Maplin losses widen after “transformational” year

Maplin update

A “transformational and challenging year” for Maplin has seen its pre-tax losses widen despite an increase in sales.

According to accounts recently filed at Companies House, Maplin recorded a pre-tax loss of £3.9 million for the year ending March 31, 2017, up from £2.1 million in the year prior.

Meanwhile, EBITDA came in at £8.9 million, down from £12.7 million the year before.

However, Maplin’s sales rose from £234.6 million to £235.8 million in the year ending March 2017, while online sales increased by 19.4 per cent and now account for 15.7 per cent of the total.
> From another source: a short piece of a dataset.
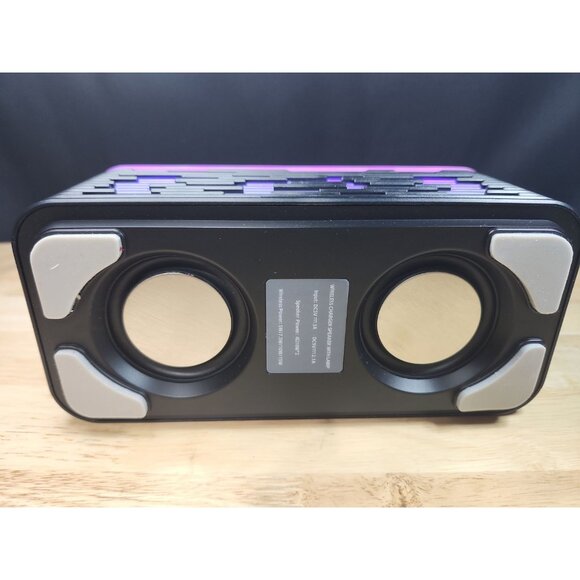 Charging speaker - Picture 5 of 5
The technology retailer said 2016/17 was a “transformational and challenging year” for the business, with progress made on the group’s three-year 2020 Vision strategy.

The strategy included the launch of trial “store of the future” in Cambridge that will be the blueprint for future store execution, and one-off costs from that store’s development as well as the reorganisation of the retailer’s support centres and rollout of a new brand identity.
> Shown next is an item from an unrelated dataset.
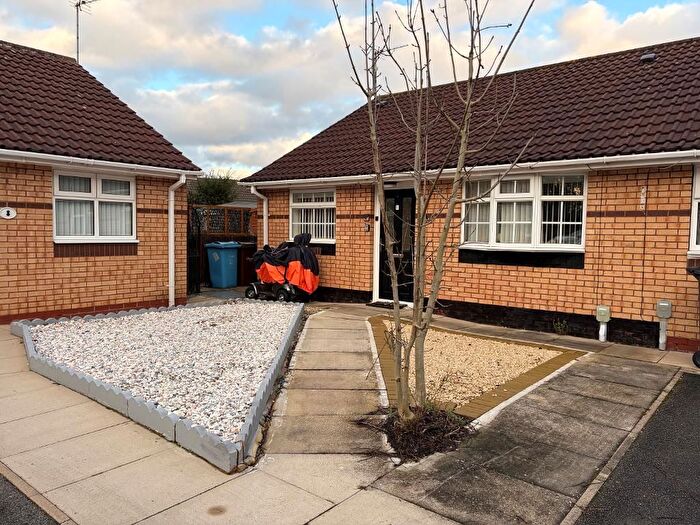 2 Bedroom Bungalow For Sale In Springbok Close, Summergroves Way, Hull, HU4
Maplin also moved its commercial and marketing functions from Rotherham to its London office, a move that led to the recruitment of a further 60 staff.

At year’s end, the technology retailer had over 200 stores across the UK.
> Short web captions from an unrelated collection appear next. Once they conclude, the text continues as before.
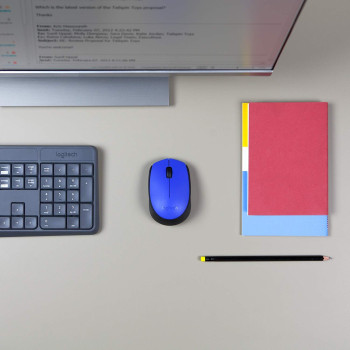 Logitech M171 Wireless Mouse, 2.4 GHz with USB Nano Receiver, Optical Tracking, 12-Months Battery Life, Ambidextrous, PC/Mac/Laptop - Blue (910-004656)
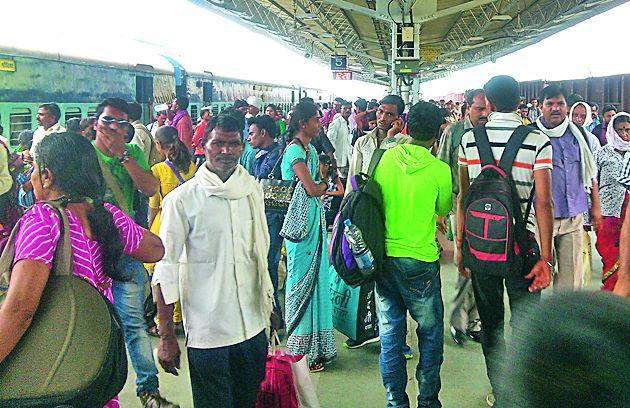 Guests return on the return journey | पाहुणे निघाले परतीच्या प्रवासाला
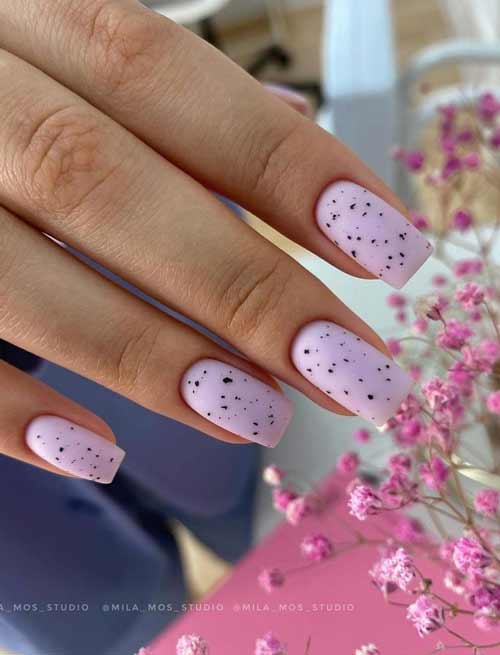 Manucure violet pastel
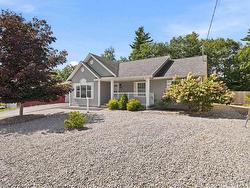 31 Acorn Drive Bridgewater, NS B4V 8Z3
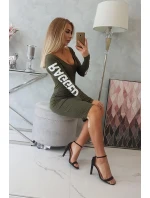 Otrhané khaki šaty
“Against a backdrop of footfall decline on the high street, this was a credible performance in a year when consumer confidence decreased following the Brexit vote,” the retailer said.

It added: “Notwithstanding the progress made on our strategic initiatives in financial year 2017 and in financial year 2018 to date, the board remains mindful of the challenging trading environment in which the group operates particularly with regard to consumer confidence which, in common with the marketplace, has seen pressure on like-for-like sales within our business, the impact sterling’s post Brexit devaluation has had on cost of goods and also the regulatory impact on our overhead base.”

Last week, it was revealed Maplin chief executive Oliver Meakin had resigned to take up a similar position with the Gaucho Group restaurant chain.

Maplin has not yet revealed who would replace him.